Graduate Seminar – Ahmed Tamrawi

When

April 30, 2014    
1:10 pm - 2:00 pm

Where

2222 Coover Hall
Coover Hall, Ames, Iowa, 50011

Event Type

Title: Event-Flow Graphs for Efficient Verification of Correctness Properties

Speaker: Ahmed Tamrawi, ECpE Graduate Student

Advisor: Suraj Kothari, Richardson Professor

Abstract: Large and complex software systems calls for automated techniques to achieve high accuracy and efficiency in verifying correctness properties. Efficient verification requires performing efficient and accurate path-sensitive analyses that pose the challenges of: (a) analyzing an exponentially-increasing number of paths in a control flow graph (CFG), and (b) checking feasibility of paths in a CFG. We address these challenges by introducing an equivalence relation on the CFG paths to partition them into equivalence classes.
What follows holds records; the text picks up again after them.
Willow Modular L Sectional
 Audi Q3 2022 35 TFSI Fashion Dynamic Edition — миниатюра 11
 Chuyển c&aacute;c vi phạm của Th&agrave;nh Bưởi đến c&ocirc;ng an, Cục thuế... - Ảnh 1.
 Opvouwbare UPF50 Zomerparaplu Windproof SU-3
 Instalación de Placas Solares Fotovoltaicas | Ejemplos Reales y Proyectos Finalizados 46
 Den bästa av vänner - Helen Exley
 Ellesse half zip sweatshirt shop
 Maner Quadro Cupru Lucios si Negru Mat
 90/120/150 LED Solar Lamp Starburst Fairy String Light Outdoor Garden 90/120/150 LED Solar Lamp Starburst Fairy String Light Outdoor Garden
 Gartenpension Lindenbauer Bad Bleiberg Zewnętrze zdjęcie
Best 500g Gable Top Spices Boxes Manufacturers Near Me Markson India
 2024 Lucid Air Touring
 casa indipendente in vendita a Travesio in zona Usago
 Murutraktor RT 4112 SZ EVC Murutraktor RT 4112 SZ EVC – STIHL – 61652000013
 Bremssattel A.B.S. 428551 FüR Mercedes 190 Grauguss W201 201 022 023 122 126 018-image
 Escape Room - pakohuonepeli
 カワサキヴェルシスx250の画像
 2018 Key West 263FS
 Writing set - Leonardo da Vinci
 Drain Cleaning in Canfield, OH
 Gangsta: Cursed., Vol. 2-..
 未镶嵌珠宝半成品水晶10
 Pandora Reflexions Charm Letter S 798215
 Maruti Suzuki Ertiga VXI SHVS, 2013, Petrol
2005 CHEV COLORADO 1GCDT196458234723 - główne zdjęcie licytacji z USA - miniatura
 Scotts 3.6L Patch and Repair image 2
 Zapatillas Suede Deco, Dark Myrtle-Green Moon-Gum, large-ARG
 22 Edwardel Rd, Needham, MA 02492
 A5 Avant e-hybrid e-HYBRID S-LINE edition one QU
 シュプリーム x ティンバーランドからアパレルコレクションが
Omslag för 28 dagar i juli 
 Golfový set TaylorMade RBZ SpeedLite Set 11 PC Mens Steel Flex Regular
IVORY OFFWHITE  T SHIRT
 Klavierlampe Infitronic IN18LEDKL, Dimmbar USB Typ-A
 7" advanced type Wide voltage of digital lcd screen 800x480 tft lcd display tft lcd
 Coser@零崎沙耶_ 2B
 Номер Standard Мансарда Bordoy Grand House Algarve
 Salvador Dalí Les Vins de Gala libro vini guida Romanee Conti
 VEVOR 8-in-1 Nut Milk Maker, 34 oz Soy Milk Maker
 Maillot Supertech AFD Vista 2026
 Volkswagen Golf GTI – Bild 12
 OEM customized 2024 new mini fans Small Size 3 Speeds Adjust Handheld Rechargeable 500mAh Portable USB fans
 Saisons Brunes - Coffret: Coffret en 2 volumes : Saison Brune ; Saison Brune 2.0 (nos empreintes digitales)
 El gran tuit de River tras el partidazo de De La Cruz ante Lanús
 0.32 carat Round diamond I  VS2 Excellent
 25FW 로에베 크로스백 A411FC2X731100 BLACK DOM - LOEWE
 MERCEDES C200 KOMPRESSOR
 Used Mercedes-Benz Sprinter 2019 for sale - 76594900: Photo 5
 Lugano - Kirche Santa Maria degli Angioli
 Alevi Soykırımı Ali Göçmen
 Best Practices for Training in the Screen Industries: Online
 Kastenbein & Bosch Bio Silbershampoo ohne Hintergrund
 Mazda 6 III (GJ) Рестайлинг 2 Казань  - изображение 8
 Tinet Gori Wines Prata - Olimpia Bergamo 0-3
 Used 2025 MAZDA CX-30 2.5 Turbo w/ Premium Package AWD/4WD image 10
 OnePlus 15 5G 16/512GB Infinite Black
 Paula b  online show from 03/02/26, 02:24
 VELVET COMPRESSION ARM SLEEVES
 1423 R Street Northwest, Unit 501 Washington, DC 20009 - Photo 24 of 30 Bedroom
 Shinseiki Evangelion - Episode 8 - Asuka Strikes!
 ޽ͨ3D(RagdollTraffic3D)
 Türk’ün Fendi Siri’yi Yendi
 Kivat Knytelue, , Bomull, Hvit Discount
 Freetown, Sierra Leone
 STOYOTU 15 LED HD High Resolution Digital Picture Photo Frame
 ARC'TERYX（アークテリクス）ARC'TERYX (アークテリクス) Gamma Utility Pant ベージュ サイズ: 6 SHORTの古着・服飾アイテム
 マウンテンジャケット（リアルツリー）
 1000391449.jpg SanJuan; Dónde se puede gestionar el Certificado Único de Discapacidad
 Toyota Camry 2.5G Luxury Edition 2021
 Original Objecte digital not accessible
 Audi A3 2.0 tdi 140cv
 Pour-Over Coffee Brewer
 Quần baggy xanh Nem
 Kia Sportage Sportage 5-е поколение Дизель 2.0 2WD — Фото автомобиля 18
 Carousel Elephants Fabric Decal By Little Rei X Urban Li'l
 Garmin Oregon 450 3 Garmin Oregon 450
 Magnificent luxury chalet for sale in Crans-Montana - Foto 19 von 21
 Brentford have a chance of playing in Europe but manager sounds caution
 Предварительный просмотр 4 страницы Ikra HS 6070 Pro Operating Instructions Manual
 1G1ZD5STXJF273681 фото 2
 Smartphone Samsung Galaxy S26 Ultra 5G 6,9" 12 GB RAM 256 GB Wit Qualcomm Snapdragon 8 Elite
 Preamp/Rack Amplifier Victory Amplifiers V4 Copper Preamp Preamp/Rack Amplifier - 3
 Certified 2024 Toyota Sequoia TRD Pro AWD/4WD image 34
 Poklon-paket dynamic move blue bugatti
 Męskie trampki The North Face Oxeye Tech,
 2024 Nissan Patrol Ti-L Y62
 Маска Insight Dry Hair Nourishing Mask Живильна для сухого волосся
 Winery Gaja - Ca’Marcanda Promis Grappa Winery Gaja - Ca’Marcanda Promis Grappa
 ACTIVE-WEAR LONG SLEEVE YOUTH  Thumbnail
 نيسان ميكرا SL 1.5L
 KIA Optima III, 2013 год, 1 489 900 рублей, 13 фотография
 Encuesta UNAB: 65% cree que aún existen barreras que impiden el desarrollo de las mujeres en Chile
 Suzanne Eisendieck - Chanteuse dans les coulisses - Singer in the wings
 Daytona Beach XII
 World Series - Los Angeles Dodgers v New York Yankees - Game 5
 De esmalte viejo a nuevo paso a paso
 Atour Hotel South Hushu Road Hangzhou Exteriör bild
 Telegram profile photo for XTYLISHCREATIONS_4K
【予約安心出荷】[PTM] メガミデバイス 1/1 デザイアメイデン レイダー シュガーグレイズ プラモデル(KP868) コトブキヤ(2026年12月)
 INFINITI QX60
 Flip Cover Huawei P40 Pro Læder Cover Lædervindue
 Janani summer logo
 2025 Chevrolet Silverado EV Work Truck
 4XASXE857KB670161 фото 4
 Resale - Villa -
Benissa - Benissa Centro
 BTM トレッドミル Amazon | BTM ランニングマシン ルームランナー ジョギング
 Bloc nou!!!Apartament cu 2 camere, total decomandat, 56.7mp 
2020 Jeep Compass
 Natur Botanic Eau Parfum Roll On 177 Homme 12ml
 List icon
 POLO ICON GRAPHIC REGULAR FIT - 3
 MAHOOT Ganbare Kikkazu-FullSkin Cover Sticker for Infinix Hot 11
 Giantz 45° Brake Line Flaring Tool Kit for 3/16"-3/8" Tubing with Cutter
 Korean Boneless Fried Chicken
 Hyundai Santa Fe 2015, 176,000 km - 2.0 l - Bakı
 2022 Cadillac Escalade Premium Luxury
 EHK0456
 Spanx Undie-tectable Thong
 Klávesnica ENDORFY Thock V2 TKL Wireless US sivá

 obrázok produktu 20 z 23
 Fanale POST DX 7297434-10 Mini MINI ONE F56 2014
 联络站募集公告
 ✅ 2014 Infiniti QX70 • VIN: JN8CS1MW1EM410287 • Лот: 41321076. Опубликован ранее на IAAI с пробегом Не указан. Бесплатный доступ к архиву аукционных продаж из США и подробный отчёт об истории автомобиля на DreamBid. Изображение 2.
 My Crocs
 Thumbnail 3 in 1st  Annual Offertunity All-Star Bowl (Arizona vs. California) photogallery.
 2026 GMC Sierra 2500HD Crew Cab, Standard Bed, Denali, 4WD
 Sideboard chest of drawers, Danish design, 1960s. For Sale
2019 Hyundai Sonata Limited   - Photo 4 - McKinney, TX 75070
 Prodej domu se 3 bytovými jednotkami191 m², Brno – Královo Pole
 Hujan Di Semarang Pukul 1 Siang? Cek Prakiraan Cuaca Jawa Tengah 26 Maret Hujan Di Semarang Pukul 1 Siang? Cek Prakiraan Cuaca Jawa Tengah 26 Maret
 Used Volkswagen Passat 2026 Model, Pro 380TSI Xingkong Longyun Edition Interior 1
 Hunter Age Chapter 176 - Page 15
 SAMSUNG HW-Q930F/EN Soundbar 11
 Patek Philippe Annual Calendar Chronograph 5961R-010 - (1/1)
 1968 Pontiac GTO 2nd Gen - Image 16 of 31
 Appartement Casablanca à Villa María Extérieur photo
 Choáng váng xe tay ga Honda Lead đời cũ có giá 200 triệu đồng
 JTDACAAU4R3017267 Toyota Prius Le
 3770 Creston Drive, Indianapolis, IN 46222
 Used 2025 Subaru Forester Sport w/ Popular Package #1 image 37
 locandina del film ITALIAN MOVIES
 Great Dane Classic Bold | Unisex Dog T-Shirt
It is then sufficient to perform analysis on these equivalence classes rather than on the individual paths in a CFG. This technique has two major advantages: (a) although the number of paths in a CFG can be exponentially large, the essential information to be analyzed is captured by a small number of equivalence classes, and (b) checking path feasibility becomes simpler. The key challenge is how to efficiently compute equivalence classes of paths in a CFG without examining each path in the CFG? We present a linear-time algorithm to form equivalence classes without the need for examination of each path in a CFG. The key to this algorithm is construction of an event-flow graph (EFG), a compact derivative of the CFG, in which each path represents an equivalence class of paths in the corresponding CFG. EFGs are defined with respect to the set of events that are in turn defined by the analyzed property. The equivalence classes are thus guaranteed to preserve all the event traces in the original CFG. We present an empirical evaluation of the Linux kernel (v3.12). The EFGs in our evaluation are defined with respect to events of the spin safe-synchronization property. Empirical evaluation results show that there are many fewer EFG-based equivalence classes compared to the corresponding number of paths in a CFG. This reduction is close to 99% for CFGs with a large number of paths.